◆ Problem requirements:
Write out the listing exactly, dropping any picture it contains.

◆ Data records:
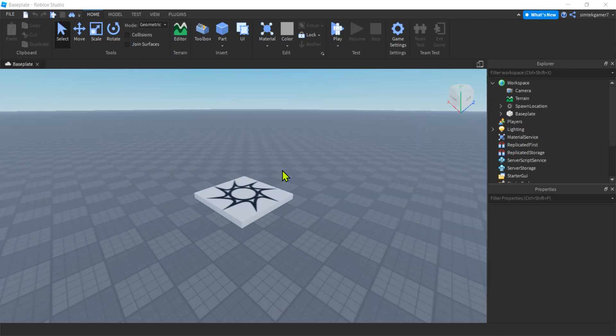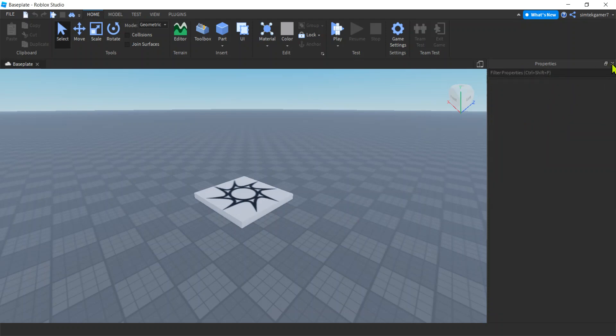This is a real simple video on how to open windows that you may have accidentally closed or you might not have available to you. So let's say you're working away and your Explorer window is right here — it's all the stuff in your game. You accidentally hit the X button and it's gone.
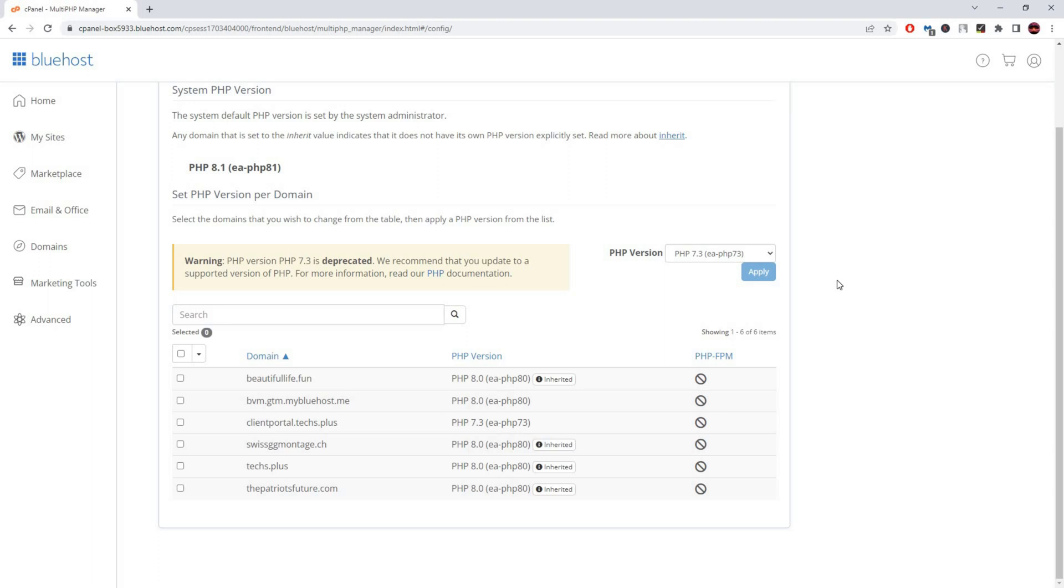If your hosting offers the newest version of PHP and your code is written in an older version, there is a mismatch and your page will not work.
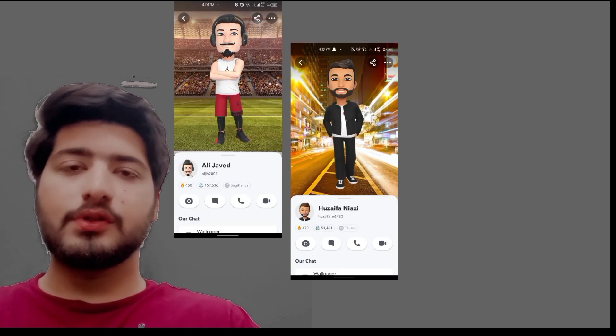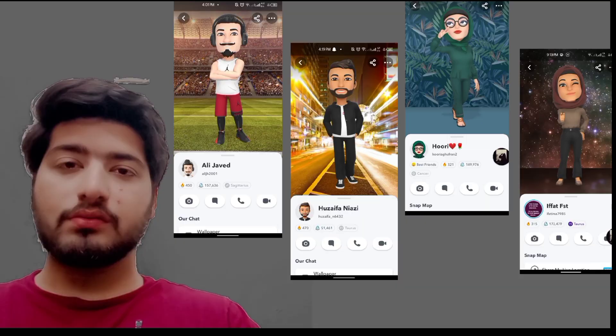Assalamualaikum. No intro or animation. First of all, you have to go to Snapchat and take a screenshot of all your group members and friends.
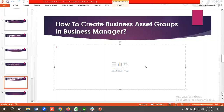Hello everyone, welcome to our new video. Our Facebook ad series is going on — if you want to watch the whole series you can come to our channel and watch those videos. In today's lecture we'll be discussing business asset groups. First we'll learn what business asset groups are, and in the later part we'll show you how to create them in Business Manager. Without further ado, let's get started.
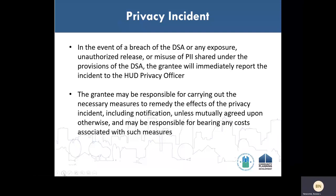All grantees must comply with privacy incident requirements as outlined in the data sharing agreement. A privacy incident occurs when there is a loss of control, compromise, unauthorized disclosure or exposure, unauthorized acquisition, unauthorized access, or failure to secure PII in readable form, whether physical or electronic, or when an authorized user accesses applicant PII for an unauthorized purpose. In the event of a breach of the data sharing agreement or any exposure, unauthorized release, or misuse of PII shared under the provisions of the data sharing agreement, the grantee will immediately report the incident to the HUD privacy officer. HUD will investigate the incident and will consult with the grantee and FEMA to diagnose, mitigate, and manage the privacy incident until its conclusion. The grantee shall be responsible for cooperating with HUD and may be responsible for carrying out the necessary measures to remedy the effect of the privacy incident, including notification, and may be responsible for bearing any costs associated with such measures.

◆ Exercise result:
This is a real simple video on how to open windows that you may have accidentally closed or you might not have available to you. So let's say you're working away and your Explorer window is right here — it's all the stuff in your game. You accidentally hit the X button and it's gone.
If your hosting offers the newest version of PHP and your code is written in an older version, there is a mismatch and your page will not work.
Assalamualaikum. No intro or animation. First of all, you have to go to Snapchat and take a screenshot of all your group members and friends.
Hello everyone, welcome to our new video. Our Facebook ad series is going on — if you want to watch the whole series you can come to our channel and watch those videos. In today's lecture we'll be discussing business asset groups. First we'll learn what business asset groups are, and in the later part we'll show you how to create them in Business Manager. Without further ado, let's get started.
All grantees must comply with privacy incident requirements as outlined in the data sharing agreement. A privacy incident occurs when there is a loss of control, compromise, unauthorized disclosure or exposure, unauthorized acquisition, unauthorized access, or failure to secure PII in readable form, whether physical or electronic, or when an authorized user accesses applicant PII for an unauthorized purpose. In the event of a breach of the data sharing agreement or any exposure, unauthorized release, or misuse of PII shared under the provisions of the data sharing agreement, the grantee will immediately report the incident to the HUD privacy officer. HUD will investigate the incident and will consult with the grantee and FEMA to diagnose, mitigate, and manage the privacy incident until its conclusion. The grantee shall be responsible for cooperating with HUD and may be responsible for carrying out the necessary measures to remedy the effect of the privacy incident, including notification, and may be responsible for bearing any costs associated with such measures.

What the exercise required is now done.